Processo 0023173-30.2012.8.26.0100 – alvará judicial

Interessado: RSL

Alvará – averbação. Pedido de alvará para registro de carta de arrematação em afronta ao princípio da continuidade. O acesso do título fica condicionado à apresentação do título anterior por meio do qual o disponente se tornou titular do direito transmitido.

Sérgio Jacomino, 5º Oficial de Registro de Imóveis da Capital de São Paulo, atendendo ao R. despacho de fls. 97 dos autos, presta as seguintes informações.

Questões prejudiciais preliminares

Tendo recebido este processo, prenotei-o para garantia dos interesses do requerente. O título ganhou o número de ordem 258.161. O seu prazo de validade fica em suspenso até decisão final, consoante o art. 198 da Lei 6.015, de 1973.

Suposto se trate de irresignação com óbices levantados por este registro à pretensão do requerente – configurando, no fundo, um processo de dúvida inversa – a primeira observação, de caráter prejudicial, é no sentido de que o título foi apresentado em forma reprográfica (fls. 12 a 84). Consoantes reiteradas decisões do C. Conselho Superior da Magistratura de São Paulo, os títulos objeto da controvérsia devem ser apresentados no original. Brevitatis causa:

REGISTRO DE IMÓVEIS – Dúvida inversa instruída com cópia do título – Impossibilidade de suprir a falta no curso do procedimento – Jurisprudência remansosa do Conselho Superior da Magistratura – Irresignação parcial – Inadmissibilidade – Dúvida prejudicada – Recurso não provido. (→AC 990.10.415.115-5, Moji Mirim, j. 19.4.2011, DJ de 6.7.2011, rel. des. Maurício Vidigal).

Tramitação acidentada do título

Para se compreender exatamente o que pretende o requerente, peço vênia a Vossa Excelência para expor sumariamente a situação jurídica do imóvel e as circunstâncias que guardam o caso concreto.

O imóvel objeto da controvérsia acha-se registrado neste registro – transcrição 103.366, feita em 5.9.1974 (L. 3-DY, p. 201) em nome de JLC casado com ISAC. Trata-se do apartamento 202, localizado no 9º andar ou 20º pavimento do Edifício Coronel Antonio Gordinho Filho, situado na Rua Aurora, 776, descrito e caracterizado na certidão anexa.

O Condomínio Edifício Coronel Antonio Gordinho Filho distribuiu em 22.10.1998 ação de cobrança de débitos condominiais contra os titulares inscritos (Processo 583.00.1998.835964-7).

Ocorre que ao tomar conhecimento da anterior adjudicação do bem ao herdeiro do casal – JPL – o autor requereu a substituição do polo passivo para que figurasse como réu na ação de cobrança o legatário, já nomeado, o que acabou deferido pelo R. Juízo competente (fls. 63).

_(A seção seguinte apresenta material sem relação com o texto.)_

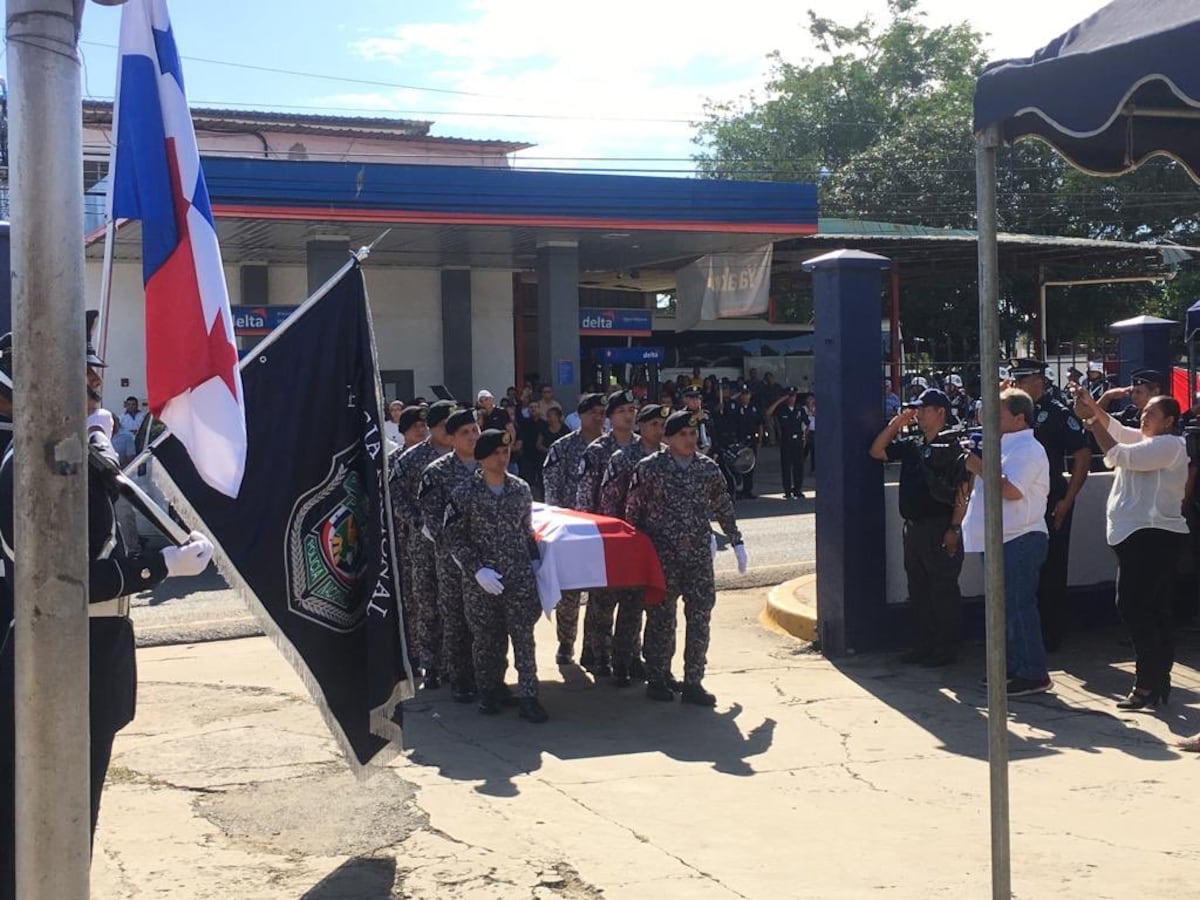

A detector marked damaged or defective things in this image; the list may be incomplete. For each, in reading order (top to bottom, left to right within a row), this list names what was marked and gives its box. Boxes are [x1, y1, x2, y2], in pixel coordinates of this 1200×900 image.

cracked concrete ground [88, 588, 1200, 897]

O feito tramitou regularmente até a arrematação do bem por RSL, que ora comparece como requerente neste processo.

Ocorre que, apresentada a dita carta de arrematação a registro, o título foi sucessivamente examinado e devolvido em virtude da quebra do trato sucessivo, já que o imóvel não se achava – como não se acha até hoje – registrado em nome do herdeiro JPL, contra quem se moveu a ação de cobrança. O Cartório exigiu, então, a apresentação do respectivo formal de partilha ou carta de adjudicação para coordenar a continuidade do registro, nos termos do art. 195 c.c. art. 237 da Lei 6.015, de 1973.

Anote-se, de passagem, que é possível depreender-se da adjudicação reclamada, cuja cópia se acha acostada nestes autos (fls. 12 a 56) que o legatário fora casado em segundas núpcias com a viúva do titular inscrito (JLC), fazendo presumir, pelas declarações prestadas no seu inventário, a ocorrência da pré-morte do varão proprietário.  Tal fato é um elemento complicador, já que não se tem notícia do título pelo qual ISAC se tornou proprietária da totalidade do imóvel afinal adjudicado ao réu na ação de cobrança. Esses títulos não foram apresentados a registro.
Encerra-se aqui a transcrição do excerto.